Collected data entries
◆ ◆ ◆ ◆ ◆ ◆ ◆

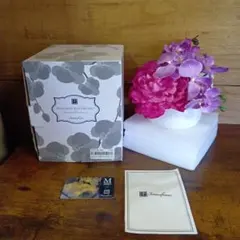 【美品】Formosa Flowers 胡蝶蘭 人感センサー付きLEDライト置物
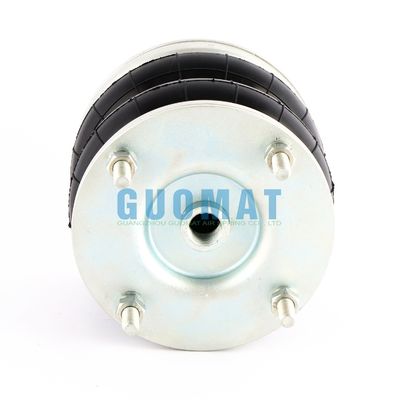 Dunlop 6" x 2 Primavera de aire industrial M/31062 Flange neumático de una sola envoltura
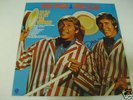 Buck Owens & Buddy Alan Autographed LP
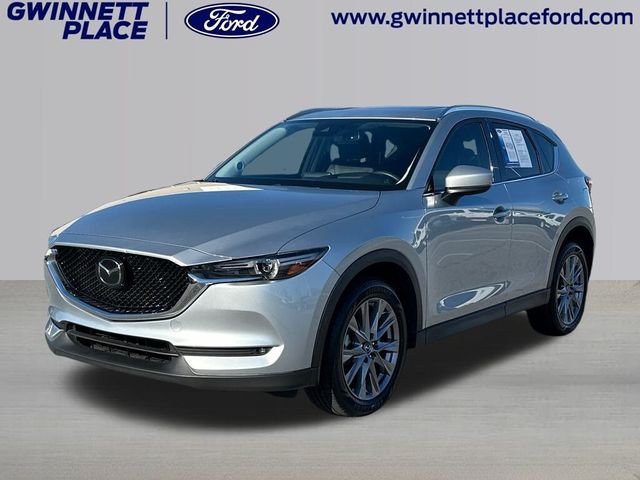 2019 Mazda CX-5 Grand Touring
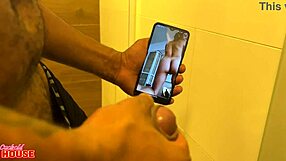 i call cuck hubby during wild threesome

◆ ◆ ◆ ◆ ◆ ◆ ◆

_Work instruction_.
Please return the lines from the line with "2019 Mazda CX-5 Grand Touring" through the last line of the data, both included, exactly, and without pictures.

_Exercise solution_.
 2019 Mazda CX-5 Grand Touring
 i call cuck hubby during wild threesome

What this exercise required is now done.